Flushing Meadow, Queens, New York, 29 novembre 1947 ore 12.40: l’Onu vota la risoluzione 181 che di lì a pochi mesi avrebbe portato alla fondazione dello Stato d’Israele.
Con 33 sì, 13 no, 10 astenuti passa la mozione che prevedeva il piano di spartizione della Palestina mandataria, che sanciva la creazione di due stati, uno ebraico e uno arabo, con l’assegnazione di Gerusalemme sotto il controllo internazionale. Il quorum di due terzi dei voti a favore, richiesto dall’Assemblea Generale delle Nazioni Unite, è ottenuto fra la gioia del popolo ebraico, che finalmente aveva un proprio Stato.

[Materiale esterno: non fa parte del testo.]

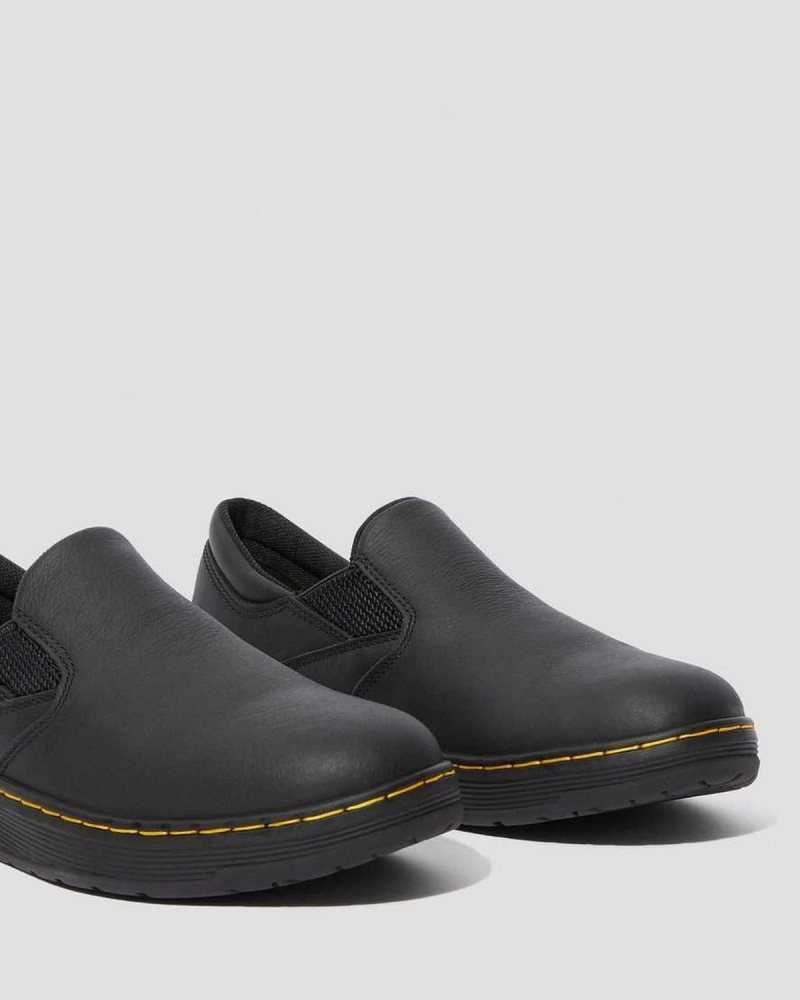 Dr Martens Brockley Slip Resistant Leather Work Shoes Black | 10XMZAUIL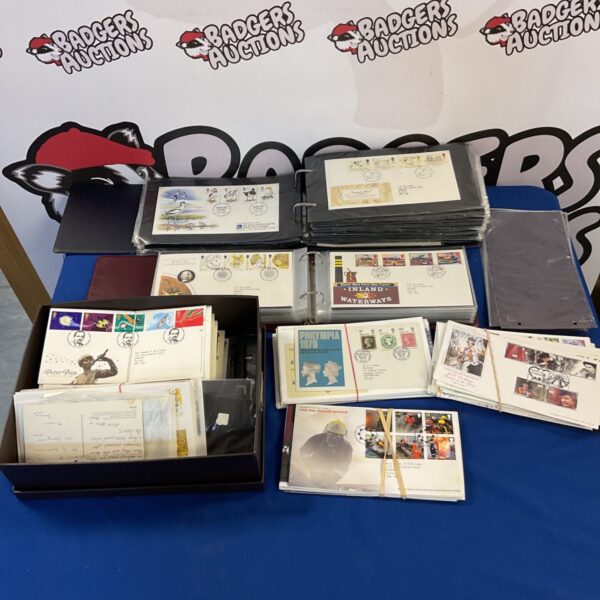 First day stamp covers in album, postal history collection.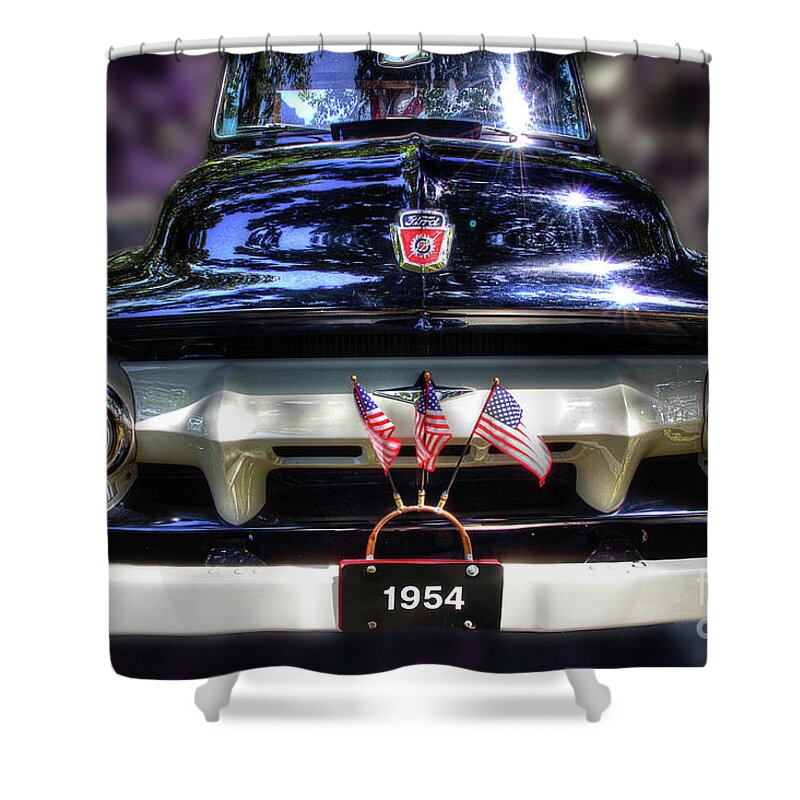 1954 Ford Truck Shower Curtain featuring the photograph 54 Ford by Michael Eingle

Per i Sabra, gli ebrei che già vivevano nell’area da oltre 3mila anni, significa avere un’organizzazione sociale moderna e riconosciuta a livello internazionale. Per gli ebrei della Diaspora, un punto di riferimento dopo secoli di persecuzioni.
David Horowitz, delegato sionista all’Assemblea, ricorderà in seguito: “Sentimmo battere le ali della storia su di noi”.
A Gerusalemme, Golda Meir si affaccia dal balcone del palazzo dell’Agenzia ebraica e rivolgendosi alla folla, dice:
“Per duemila anni abbiamo aspettato la nostra liberazione. Ora che è qui è così grande e meravigliosa che va oltre le parole umane. Ebrei, Mazel tov!”.
Tutti contenti? No, anzi.
I rappresentanti degli stati arabi sono scioccati. I delegati di Libano, Siria, Arabia Saudita, Yemen, Iraq ed Egitto, si alzano ed escono dalla sala in segno di protesta. Subito dopo l’alto Comitato Arabo trasmette al segretario generale Lie un comunicato in cui è scritto che gli arabi di Palestina “non accetteranno mai alcuna potenza che li costringa a rispettare la spartizione”.
Il giorno seguente in Palestina esplodono i primi colpi dei Paesi arabi in quella che sarebbe poi divenuta la Guerra di Indipendenza di Israele che nel mondo arabo si chiama “Nakba” – la catastrofe.
Da quel giorno sono passati 69 lunghi anni, tante guerre e troppi morti. Vivere insieme pacificamente non è semplice, ma sarebbe il regalo più bello che i due popoli potrebbero farsi.